The Intercreditor agreement is an agreement that deals with the competing interest of the creditors in the project company. The Intercreditor agreement will usually provide a restriction on the payments to the junior lenders upon the occurrence of event of default under the senior lender credit agreement. These provisions are referred to as “payment blockage” provisions. If a payment blockage provision is triggered, all payments to the junior lenders will usually be blocked, including interest on their loans.
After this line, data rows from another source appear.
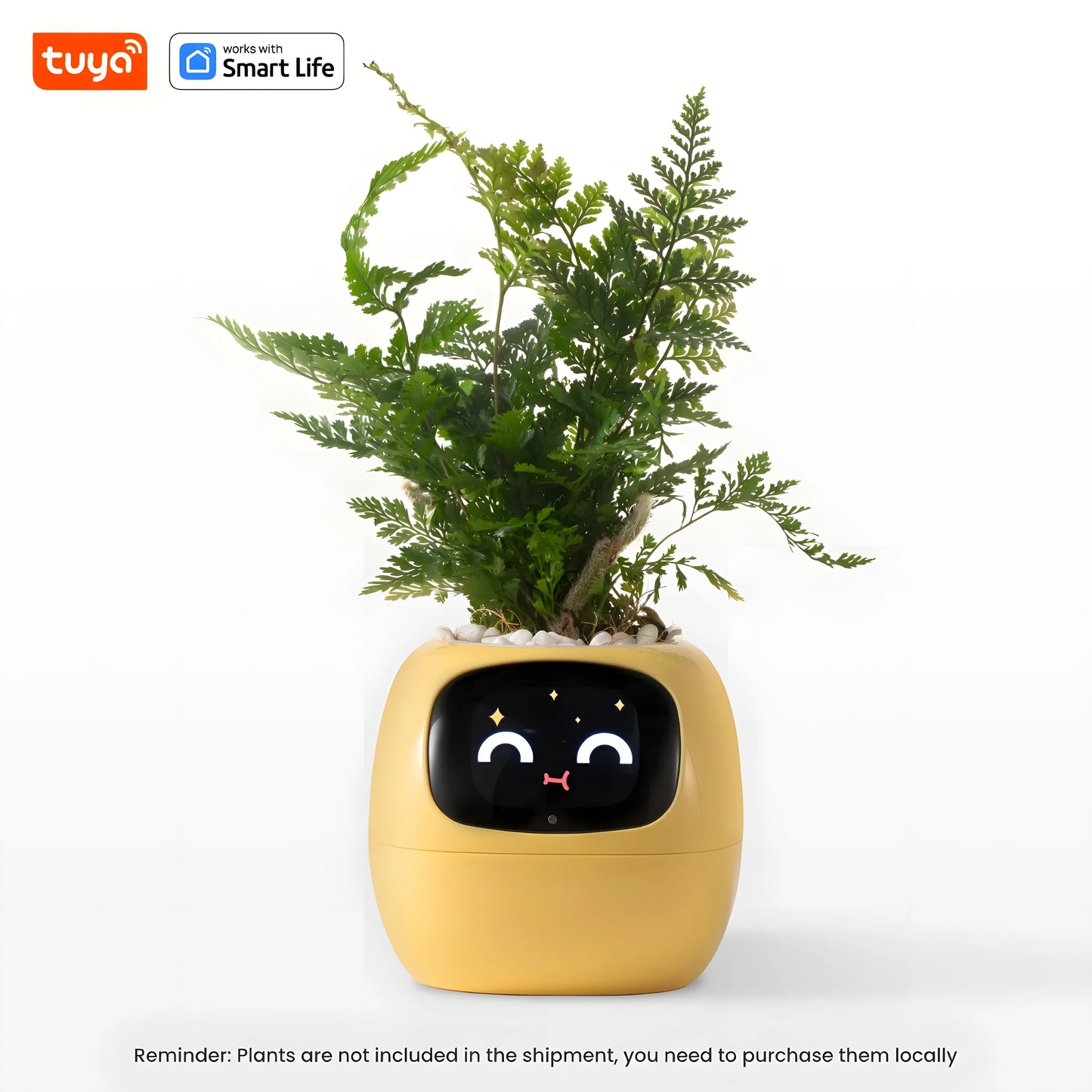 Ivy - Smart planter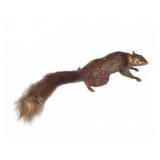 Mounted Taxidermy Brown Squirrel Specimen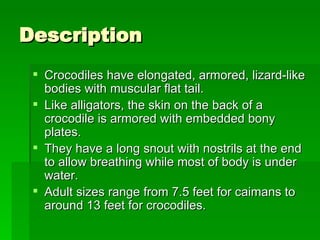 Description Crocodiles have elongated, armored, lizard-like bodies with muscular flat tail. Like alligators, the skin on the back of a crocodile is armored with embedded bony plates. They have a long snout with nostrils at the end to allow breathing while most of body is under water. Adult sizes range from 7.5 feet for caimans to around 13 feet for crocodiles. 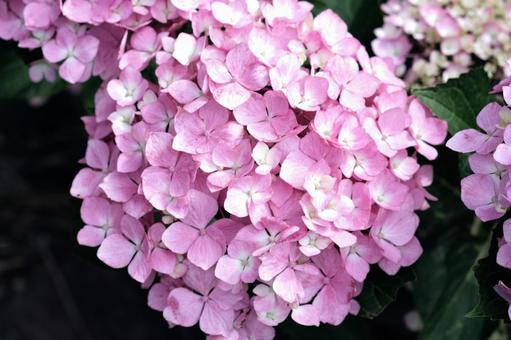 紫陽花 紫陽花の写真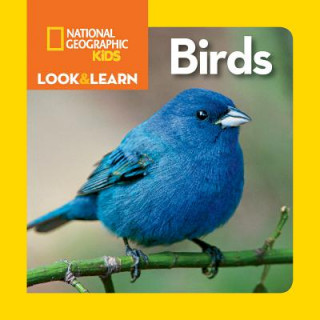 Kniha Look and Learn: Birds National Geographic Kids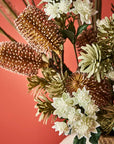 Banksia Spray Coffee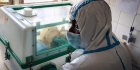 أربع إصابات جديدة بفيروس إيبولا في أوغندا
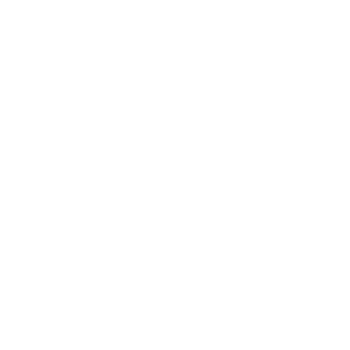 НТВ. Санкт-Петербург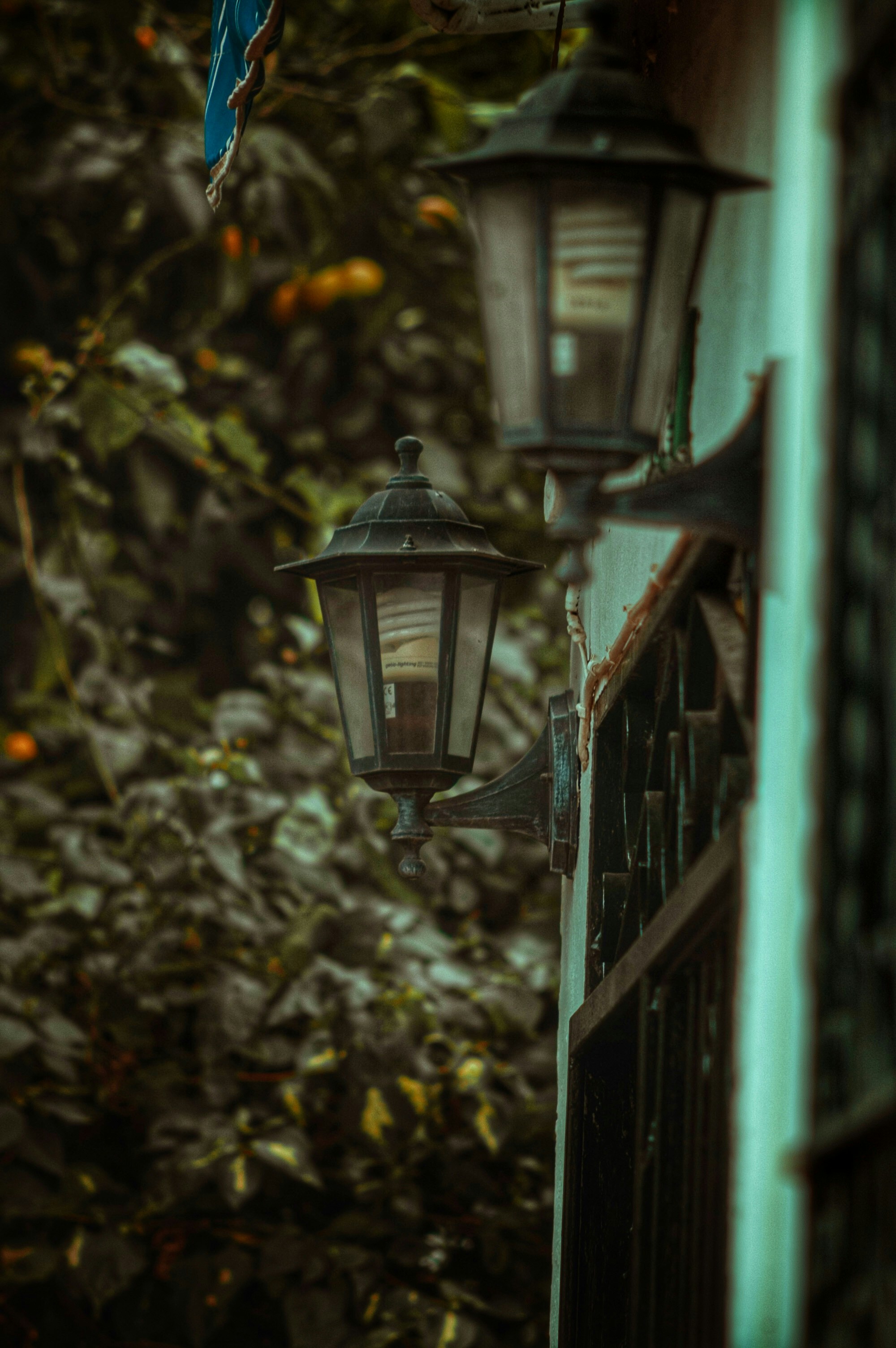 Photo by gallosoo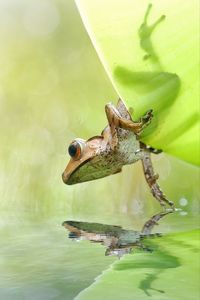 Dumpy frog in natural art frame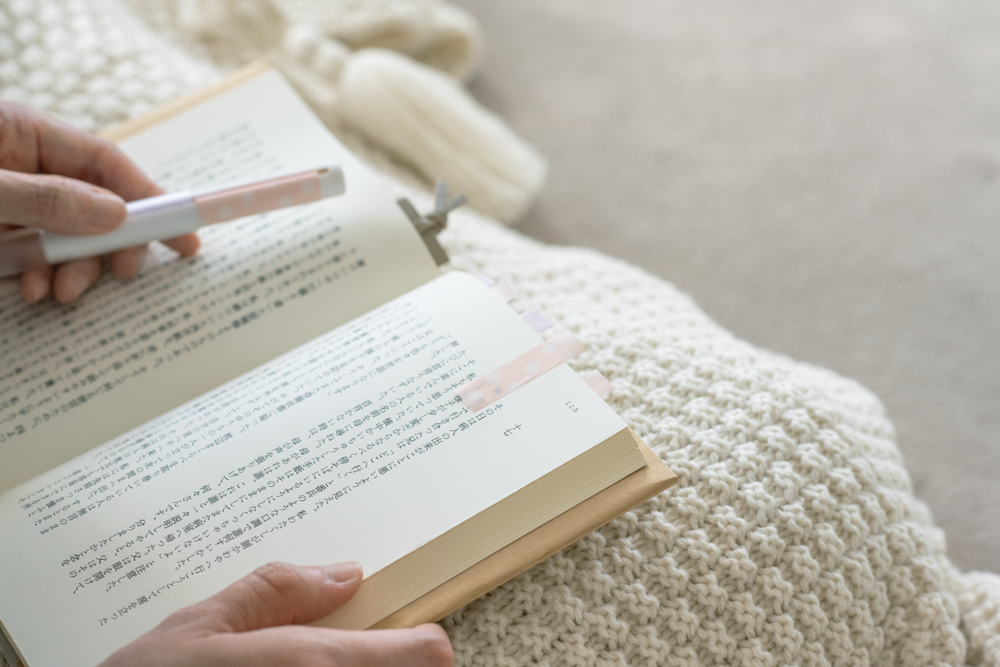 日本文具 Kanmido - LITTRO 便攜筆式口紅便利貼-文青線條-灰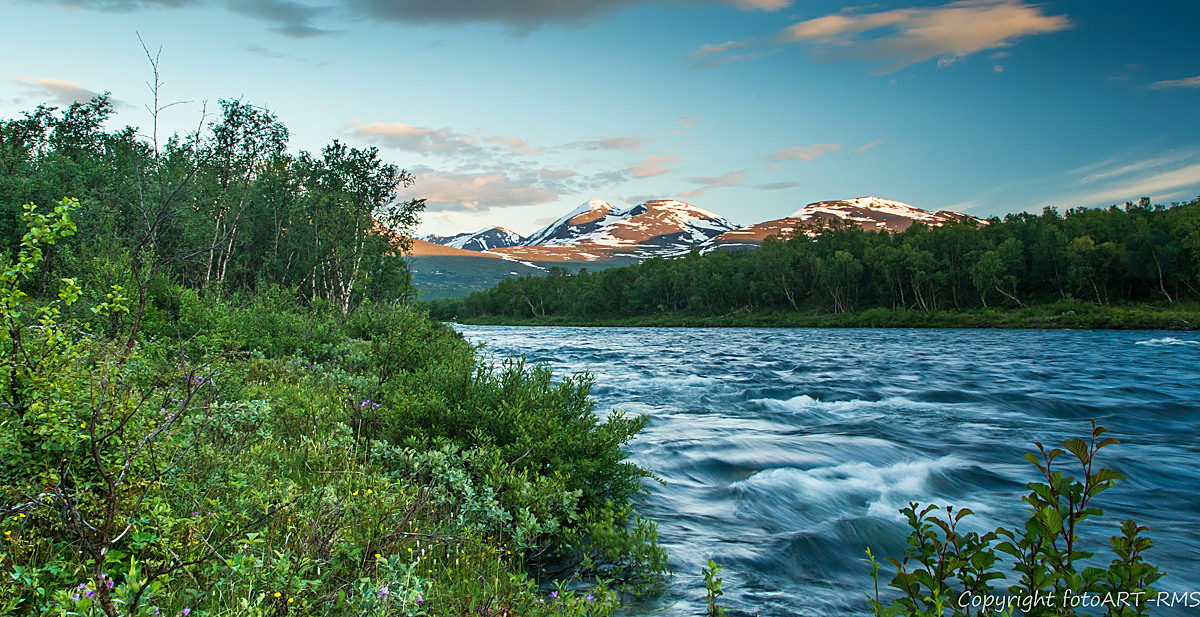 im Nationalpark Abisko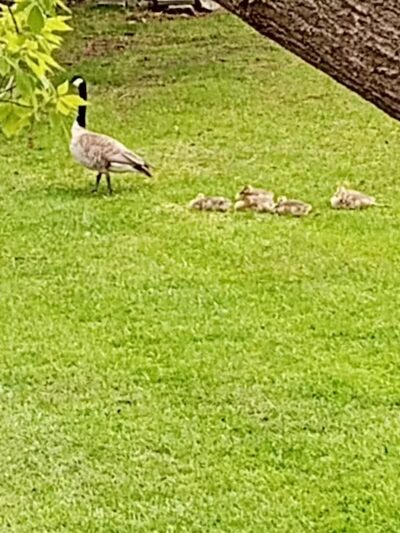 Cold Spring Park - Hillsdale,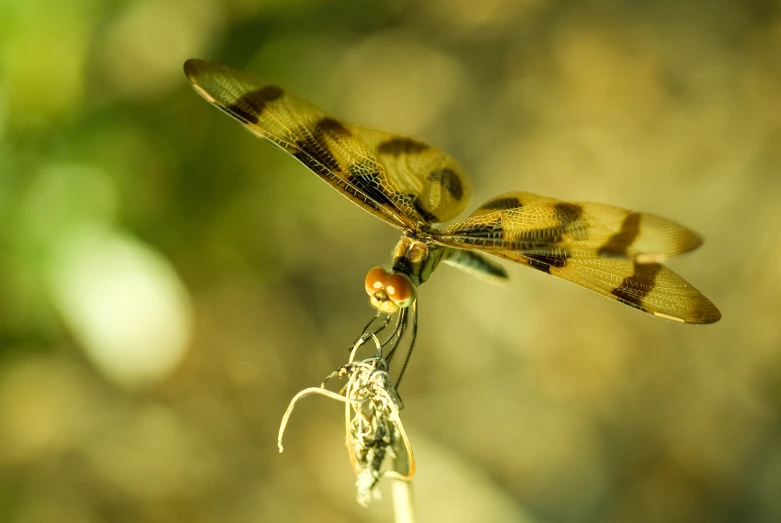 a brown dragonfly sitting on a leafy plant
The following are the typical security documents in project finance:
The security agreement provides for grant of all the security interests in the project company in favour of lenders for repayment of debts and interest thereon. In security agreement, the project company grants the security interest to the collateral agent all the right, title and interest in the project company’s assets. These include all the rights of the project company in the project documents such as off-take agreement, concession/EPC contract and O&M contract, etc. In case of default, the lenders can foreclose the loan and recover the outstanding debt by sale of all the assets of the project company or sell the shares in the project company. Alternatively, the lenders may take control of the project and carry out its operations.
Under the pledge agreement the sponsors pledge all their shares in the project company to lenders as security for performance of their obligations under the financing agreement. In case, the project company defaults, the lenders can foreclose the pledge agreement and sell the equity shares to a third party. Alternatively, the lenders may take control over the project and run the same
Mortgage or deed of trust
The project company mortgages all of its interest in it’s assets, including rights in the project site (whether free or leasehold). In the event of default by the project company, the lenders can foreclose the mortgage and recover their outstanding by sale of mortgaged assets or take control of the project site and run the same.
In India, the project finance is not very old. The project finance has evolved as the tool for ever evolving need for financing of projects on stand-alone basis, where the revenue stream is certain over a period of time. The project finance being document intensive, all the agreements should be carefully drafted and negotiated so as to mitigate the risks and protect the interest of all the stakeholders.